District 205 Candidates Give Their Views on Budgeting, the Teachers' Contract and the Future

Eight candidates for Elmhurst District 205 School Board are vying for four seats.

All eight candidates for the Elmhurst Unit District 205 School Board turned out at City Hall Sunday for a candidate forum sponsored by the Elmhurst League of Women Voters.

After from the League and residents, candidates for School Board took to the dais to discuss their vision for the future of the district, student instructional time compared to other districts, budget priorities and use of the administration building at 162 S. York, among other things.

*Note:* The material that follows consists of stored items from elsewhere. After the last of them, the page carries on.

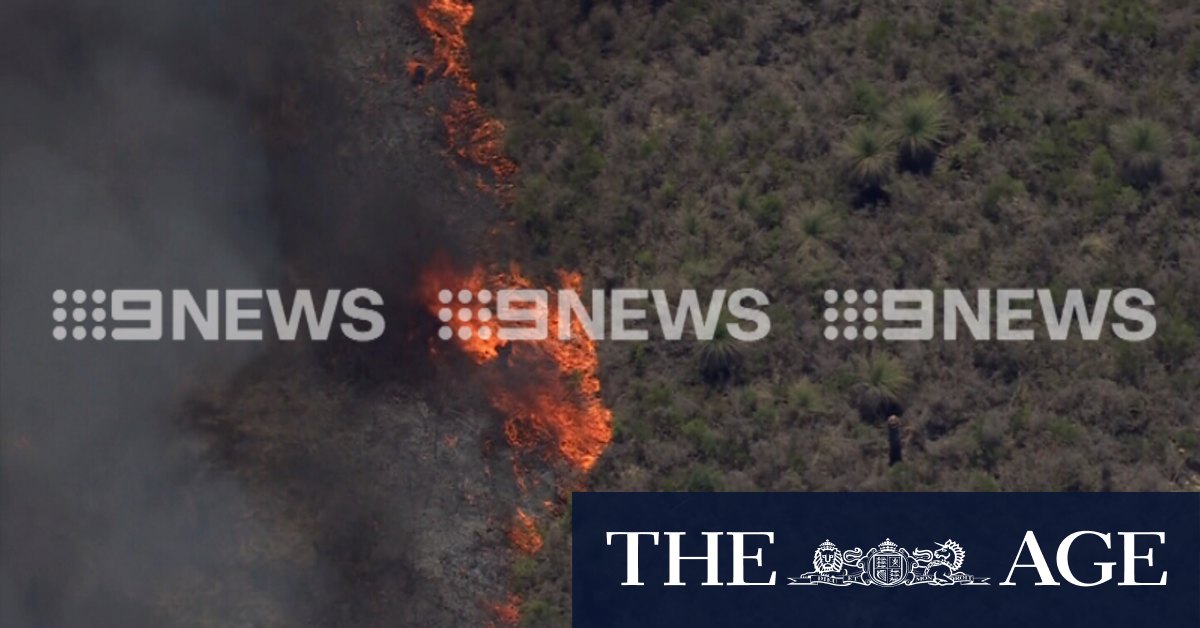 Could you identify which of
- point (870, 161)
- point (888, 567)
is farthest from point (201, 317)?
point (888, 567)

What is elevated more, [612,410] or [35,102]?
[35,102]

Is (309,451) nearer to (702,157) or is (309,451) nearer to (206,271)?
(206,271)

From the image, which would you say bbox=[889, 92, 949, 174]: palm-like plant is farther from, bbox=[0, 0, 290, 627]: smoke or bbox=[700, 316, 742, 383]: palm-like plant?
bbox=[0, 0, 290, 627]: smoke

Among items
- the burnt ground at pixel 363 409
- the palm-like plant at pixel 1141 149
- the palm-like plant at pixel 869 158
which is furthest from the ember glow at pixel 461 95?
the palm-like plant at pixel 1141 149

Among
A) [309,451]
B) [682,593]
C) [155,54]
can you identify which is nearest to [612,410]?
[682,593]

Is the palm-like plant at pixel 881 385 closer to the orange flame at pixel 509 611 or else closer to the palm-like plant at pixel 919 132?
the palm-like plant at pixel 919 132

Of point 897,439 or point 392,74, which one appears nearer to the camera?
point 897,439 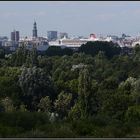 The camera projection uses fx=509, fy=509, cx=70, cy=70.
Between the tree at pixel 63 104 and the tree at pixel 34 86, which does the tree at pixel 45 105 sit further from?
the tree at pixel 34 86

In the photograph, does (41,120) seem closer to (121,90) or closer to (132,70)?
(121,90)

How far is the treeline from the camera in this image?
909cm

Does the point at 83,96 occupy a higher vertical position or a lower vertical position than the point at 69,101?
higher

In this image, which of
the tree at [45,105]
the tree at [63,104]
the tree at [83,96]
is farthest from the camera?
the tree at [63,104]

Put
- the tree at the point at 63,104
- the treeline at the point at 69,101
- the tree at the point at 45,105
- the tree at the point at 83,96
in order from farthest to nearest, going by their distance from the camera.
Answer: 1. the tree at the point at 63,104
2. the tree at the point at 45,105
3. the tree at the point at 83,96
4. the treeline at the point at 69,101

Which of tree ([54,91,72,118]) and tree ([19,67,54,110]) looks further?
tree ([19,67,54,110])

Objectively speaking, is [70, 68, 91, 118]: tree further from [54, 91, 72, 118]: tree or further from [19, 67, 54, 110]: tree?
[19, 67, 54, 110]: tree

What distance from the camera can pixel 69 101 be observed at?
112ft

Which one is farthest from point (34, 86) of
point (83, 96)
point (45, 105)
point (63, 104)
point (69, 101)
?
point (83, 96)

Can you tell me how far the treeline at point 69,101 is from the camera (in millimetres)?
9086

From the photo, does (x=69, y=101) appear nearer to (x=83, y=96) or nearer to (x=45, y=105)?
(x=45, y=105)

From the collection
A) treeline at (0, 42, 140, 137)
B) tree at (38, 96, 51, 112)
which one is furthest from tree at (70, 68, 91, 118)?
tree at (38, 96, 51, 112)

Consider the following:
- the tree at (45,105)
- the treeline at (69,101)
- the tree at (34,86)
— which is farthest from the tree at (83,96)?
the tree at (34,86)

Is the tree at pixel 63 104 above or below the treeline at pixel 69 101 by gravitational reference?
below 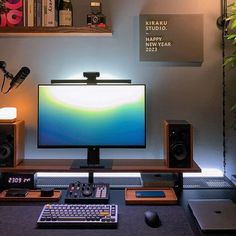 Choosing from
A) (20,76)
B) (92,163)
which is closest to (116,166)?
(92,163)

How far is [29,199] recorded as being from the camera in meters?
1.89

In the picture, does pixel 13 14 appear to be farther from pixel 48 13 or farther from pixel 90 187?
pixel 90 187

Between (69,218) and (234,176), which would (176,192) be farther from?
(69,218)

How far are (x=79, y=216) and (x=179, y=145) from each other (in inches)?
29.3

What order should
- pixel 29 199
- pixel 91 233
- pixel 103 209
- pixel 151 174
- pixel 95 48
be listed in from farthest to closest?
pixel 95 48
pixel 151 174
pixel 29 199
pixel 103 209
pixel 91 233

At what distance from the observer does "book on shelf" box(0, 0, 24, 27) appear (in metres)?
2.14

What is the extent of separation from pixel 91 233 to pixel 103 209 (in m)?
0.18

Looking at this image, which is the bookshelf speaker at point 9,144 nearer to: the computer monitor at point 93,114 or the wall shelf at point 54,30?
the computer monitor at point 93,114

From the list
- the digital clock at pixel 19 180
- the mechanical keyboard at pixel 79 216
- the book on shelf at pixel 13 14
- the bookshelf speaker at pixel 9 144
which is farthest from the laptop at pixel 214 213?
the book on shelf at pixel 13 14

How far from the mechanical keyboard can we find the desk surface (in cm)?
3

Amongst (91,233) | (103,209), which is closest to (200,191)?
(103,209)

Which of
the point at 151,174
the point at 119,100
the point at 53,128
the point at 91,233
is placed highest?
the point at 119,100

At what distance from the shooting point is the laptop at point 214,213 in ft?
4.99

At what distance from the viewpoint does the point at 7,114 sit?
2.15 metres
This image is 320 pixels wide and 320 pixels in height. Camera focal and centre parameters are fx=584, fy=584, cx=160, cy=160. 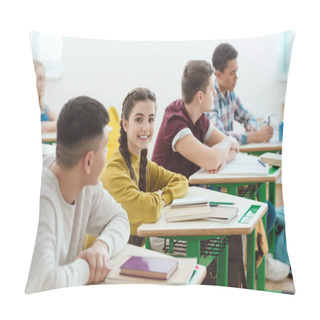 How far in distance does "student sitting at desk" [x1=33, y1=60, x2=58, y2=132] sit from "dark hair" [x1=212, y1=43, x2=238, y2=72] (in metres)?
0.73

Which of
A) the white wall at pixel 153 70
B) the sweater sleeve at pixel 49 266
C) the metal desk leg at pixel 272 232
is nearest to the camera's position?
the sweater sleeve at pixel 49 266

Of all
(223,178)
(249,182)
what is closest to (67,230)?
(223,178)

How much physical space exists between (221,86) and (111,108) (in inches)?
19.9

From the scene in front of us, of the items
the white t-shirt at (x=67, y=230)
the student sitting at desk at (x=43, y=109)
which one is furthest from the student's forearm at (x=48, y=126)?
the white t-shirt at (x=67, y=230)

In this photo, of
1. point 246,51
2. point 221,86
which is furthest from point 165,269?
point 246,51

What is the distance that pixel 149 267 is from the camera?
2.43m

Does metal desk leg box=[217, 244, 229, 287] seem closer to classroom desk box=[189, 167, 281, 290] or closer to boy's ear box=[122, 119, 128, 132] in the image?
classroom desk box=[189, 167, 281, 290]

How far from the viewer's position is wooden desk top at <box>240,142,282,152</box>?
8.65 ft

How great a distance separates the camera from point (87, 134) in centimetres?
245

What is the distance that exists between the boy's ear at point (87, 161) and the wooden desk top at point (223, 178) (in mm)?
465

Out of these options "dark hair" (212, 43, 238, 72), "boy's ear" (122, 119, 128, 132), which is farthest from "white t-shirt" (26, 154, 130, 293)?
"dark hair" (212, 43, 238, 72)

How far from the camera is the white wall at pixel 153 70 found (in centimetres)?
250

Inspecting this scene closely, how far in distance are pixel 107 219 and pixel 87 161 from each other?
0.88ft

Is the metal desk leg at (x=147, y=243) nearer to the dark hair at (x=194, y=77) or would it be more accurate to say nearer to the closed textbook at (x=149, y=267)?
the closed textbook at (x=149, y=267) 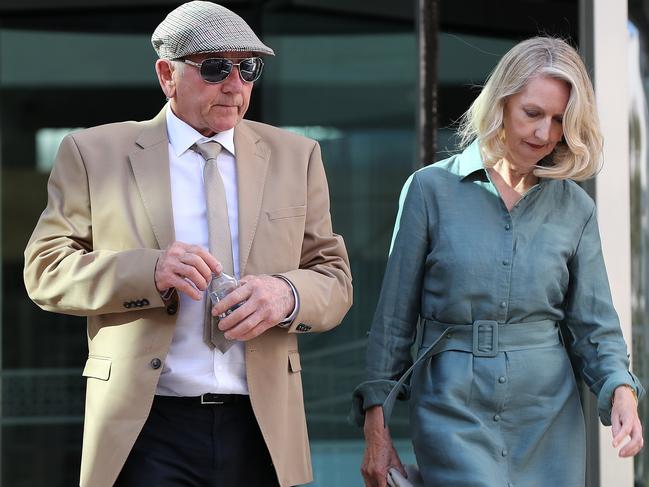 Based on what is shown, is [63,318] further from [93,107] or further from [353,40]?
[353,40]

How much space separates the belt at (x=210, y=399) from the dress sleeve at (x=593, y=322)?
93 cm

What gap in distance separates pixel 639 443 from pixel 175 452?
114cm

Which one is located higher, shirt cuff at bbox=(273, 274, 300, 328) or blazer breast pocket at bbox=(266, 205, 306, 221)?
blazer breast pocket at bbox=(266, 205, 306, 221)

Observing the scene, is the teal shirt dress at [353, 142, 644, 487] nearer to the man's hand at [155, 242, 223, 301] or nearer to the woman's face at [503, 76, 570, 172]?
the woman's face at [503, 76, 570, 172]

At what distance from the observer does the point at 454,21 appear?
5.60 m

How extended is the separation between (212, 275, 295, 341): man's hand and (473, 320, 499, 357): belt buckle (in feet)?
1.87

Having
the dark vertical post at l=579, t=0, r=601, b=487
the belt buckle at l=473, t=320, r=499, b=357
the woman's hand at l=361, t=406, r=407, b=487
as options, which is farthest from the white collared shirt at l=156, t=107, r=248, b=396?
the dark vertical post at l=579, t=0, r=601, b=487

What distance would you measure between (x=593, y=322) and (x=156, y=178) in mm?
1200

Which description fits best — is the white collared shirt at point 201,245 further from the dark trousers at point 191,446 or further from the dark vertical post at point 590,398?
the dark vertical post at point 590,398

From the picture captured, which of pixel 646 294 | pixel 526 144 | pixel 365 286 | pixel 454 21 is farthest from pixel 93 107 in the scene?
pixel 526 144

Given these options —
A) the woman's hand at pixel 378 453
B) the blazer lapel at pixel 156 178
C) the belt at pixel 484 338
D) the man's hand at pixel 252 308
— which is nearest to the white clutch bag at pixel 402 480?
the woman's hand at pixel 378 453

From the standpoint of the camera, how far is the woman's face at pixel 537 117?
337cm

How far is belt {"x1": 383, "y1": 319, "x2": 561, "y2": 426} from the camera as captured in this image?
337cm

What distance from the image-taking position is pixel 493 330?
3.37m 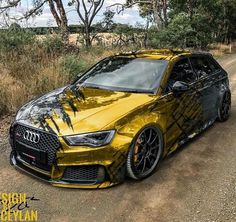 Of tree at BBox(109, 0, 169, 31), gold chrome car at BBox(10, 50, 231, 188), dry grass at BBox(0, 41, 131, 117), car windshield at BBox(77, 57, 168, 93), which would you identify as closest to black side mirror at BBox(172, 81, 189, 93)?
gold chrome car at BBox(10, 50, 231, 188)

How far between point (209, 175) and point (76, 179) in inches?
71.4

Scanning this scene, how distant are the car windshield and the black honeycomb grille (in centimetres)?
144

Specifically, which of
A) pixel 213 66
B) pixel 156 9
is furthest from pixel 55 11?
pixel 213 66

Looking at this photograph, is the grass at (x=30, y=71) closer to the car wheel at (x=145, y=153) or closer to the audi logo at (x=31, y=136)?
the audi logo at (x=31, y=136)

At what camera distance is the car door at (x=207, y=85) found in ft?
20.0

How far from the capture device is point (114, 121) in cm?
423

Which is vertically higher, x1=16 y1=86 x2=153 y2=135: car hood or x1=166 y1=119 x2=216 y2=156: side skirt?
x1=16 y1=86 x2=153 y2=135: car hood

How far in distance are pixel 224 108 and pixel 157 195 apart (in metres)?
3.49

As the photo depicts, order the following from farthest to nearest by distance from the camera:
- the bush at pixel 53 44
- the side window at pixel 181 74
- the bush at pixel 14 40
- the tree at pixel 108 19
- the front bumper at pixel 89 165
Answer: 1. the tree at pixel 108 19
2. the bush at pixel 53 44
3. the bush at pixel 14 40
4. the side window at pixel 181 74
5. the front bumper at pixel 89 165

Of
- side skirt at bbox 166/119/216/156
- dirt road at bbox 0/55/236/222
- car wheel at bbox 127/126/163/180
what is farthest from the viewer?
side skirt at bbox 166/119/216/156

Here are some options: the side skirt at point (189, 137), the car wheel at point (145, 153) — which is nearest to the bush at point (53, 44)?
the side skirt at point (189, 137)

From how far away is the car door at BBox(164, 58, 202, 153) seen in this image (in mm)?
5074

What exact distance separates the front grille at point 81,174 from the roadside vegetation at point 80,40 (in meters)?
3.59

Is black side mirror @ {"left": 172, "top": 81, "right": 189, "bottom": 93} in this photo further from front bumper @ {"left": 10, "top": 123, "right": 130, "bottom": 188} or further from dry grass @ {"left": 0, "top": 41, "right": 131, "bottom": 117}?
dry grass @ {"left": 0, "top": 41, "right": 131, "bottom": 117} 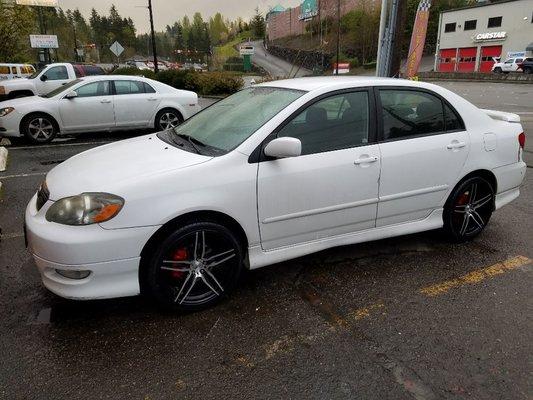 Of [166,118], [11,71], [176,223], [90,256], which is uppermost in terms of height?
[11,71]

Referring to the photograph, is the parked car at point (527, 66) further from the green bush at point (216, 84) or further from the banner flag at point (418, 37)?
the banner flag at point (418, 37)

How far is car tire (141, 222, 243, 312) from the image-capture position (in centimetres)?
286

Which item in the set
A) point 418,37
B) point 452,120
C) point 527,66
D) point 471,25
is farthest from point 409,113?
point 471,25

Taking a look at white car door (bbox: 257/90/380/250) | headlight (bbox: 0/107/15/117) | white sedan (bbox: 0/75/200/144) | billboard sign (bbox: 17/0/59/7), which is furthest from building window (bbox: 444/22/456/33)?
white car door (bbox: 257/90/380/250)

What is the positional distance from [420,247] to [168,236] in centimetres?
245

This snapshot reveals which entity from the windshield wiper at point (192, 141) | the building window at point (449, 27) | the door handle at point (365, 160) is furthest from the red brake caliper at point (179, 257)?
the building window at point (449, 27)

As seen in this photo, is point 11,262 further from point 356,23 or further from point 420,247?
point 356,23

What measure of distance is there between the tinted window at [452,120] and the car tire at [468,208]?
50cm

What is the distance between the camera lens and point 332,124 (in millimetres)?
3420

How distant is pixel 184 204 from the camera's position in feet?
9.24

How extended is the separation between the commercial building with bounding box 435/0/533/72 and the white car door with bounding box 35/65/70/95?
4210 cm

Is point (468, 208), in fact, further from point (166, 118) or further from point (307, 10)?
point (307, 10)

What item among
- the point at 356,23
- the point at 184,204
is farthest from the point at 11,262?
the point at 356,23

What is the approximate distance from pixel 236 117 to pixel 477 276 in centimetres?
235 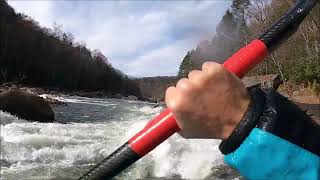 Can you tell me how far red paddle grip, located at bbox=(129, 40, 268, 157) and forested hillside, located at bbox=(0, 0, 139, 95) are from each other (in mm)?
51259

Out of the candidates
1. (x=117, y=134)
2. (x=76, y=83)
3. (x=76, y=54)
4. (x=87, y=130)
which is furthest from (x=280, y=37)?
(x=76, y=54)

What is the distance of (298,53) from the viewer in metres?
26.3

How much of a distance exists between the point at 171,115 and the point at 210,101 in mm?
86

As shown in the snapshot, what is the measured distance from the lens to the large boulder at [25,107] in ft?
53.2

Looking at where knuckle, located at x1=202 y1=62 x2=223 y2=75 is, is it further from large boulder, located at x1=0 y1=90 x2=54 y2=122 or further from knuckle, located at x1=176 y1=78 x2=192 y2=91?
large boulder, located at x1=0 y1=90 x2=54 y2=122

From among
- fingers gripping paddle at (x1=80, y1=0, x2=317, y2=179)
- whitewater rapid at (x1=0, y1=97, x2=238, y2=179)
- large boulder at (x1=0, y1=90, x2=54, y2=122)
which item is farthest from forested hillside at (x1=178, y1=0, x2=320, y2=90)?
fingers gripping paddle at (x1=80, y1=0, x2=317, y2=179)

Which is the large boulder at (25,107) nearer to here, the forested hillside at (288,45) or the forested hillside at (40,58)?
the forested hillside at (288,45)

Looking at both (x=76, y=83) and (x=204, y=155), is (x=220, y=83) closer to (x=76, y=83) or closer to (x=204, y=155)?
(x=204, y=155)

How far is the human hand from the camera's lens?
92 centimetres

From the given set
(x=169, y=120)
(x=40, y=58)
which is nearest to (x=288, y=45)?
(x=169, y=120)

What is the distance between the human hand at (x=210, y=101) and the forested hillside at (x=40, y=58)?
51373 millimetres

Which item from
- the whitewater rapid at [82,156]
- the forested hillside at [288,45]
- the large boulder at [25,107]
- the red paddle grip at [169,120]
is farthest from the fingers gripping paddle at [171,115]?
the forested hillside at [288,45]

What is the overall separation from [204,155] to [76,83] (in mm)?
58975

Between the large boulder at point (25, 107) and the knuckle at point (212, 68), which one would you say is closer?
the knuckle at point (212, 68)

The eight candidates for Elmhurst Unit District 205 Board are:

  • Chris Blum
  • Deborah O’Keefe Conroy (incumbent)
  • Shannon Hennessy Ebner
  • Annette Franklin
  • Paul Guerino
  • John McDonough
  • Robert Robertson Jr.
  • Karen Stuefen

Following are some of the questions they addressed and their responses in the order they were given:

How do You See Elmhurst District 205 in 20 years, and what action will you take to realize that goal?

Guerino said he hopes the election will bring healing between the community and the board. The ability to bury the past is essential to move forward for the good of the district. He said board members need to hear the problems of the taxpayers, who feel they are being ignored by the administration.

McDonough said his vision is to have District 205 one of the greatest school districts in the state. It must be recognized by residents as being responsive, he said. The district will be staffed by an “empowered team who stays because they are supported and valued.” The district also must maintain fund balances, implement and update the long-term plan, engage in regular dialog with the public and focus on Professional Learning Communities to prepare children to compete globally, he said.

Ebner said the most important thing for student achievement is to have highly effective teachers, who will need to have a positive culture in order to do their best work. The board must make sure teachers are supported, and the gaps must be bridged between middle schools and the high school. She also emphasized the importance of developing Professional Learning Communities.

Conroy said the district has what it needs to be the best—an engaged community, great teachers—but staff has to be put in place to restore trust so the district can be a national leader in education from early childhood through high school. The district has to learn to live with less, she said, and the new board must ensure that past mismanagement of resources by the state does not hurt the future for students.

Stuefen said District 205 must become the district by which other districts measure their achievement. In 20 years, students will be engaged in what they do and love the learning process, be curious about the world and be the best that they can be, she said. The board must provide the oversight to make sure those are the district’s priorities.

Franklin said the district standards are “very good” now but they must be raised in order to increase student achievement.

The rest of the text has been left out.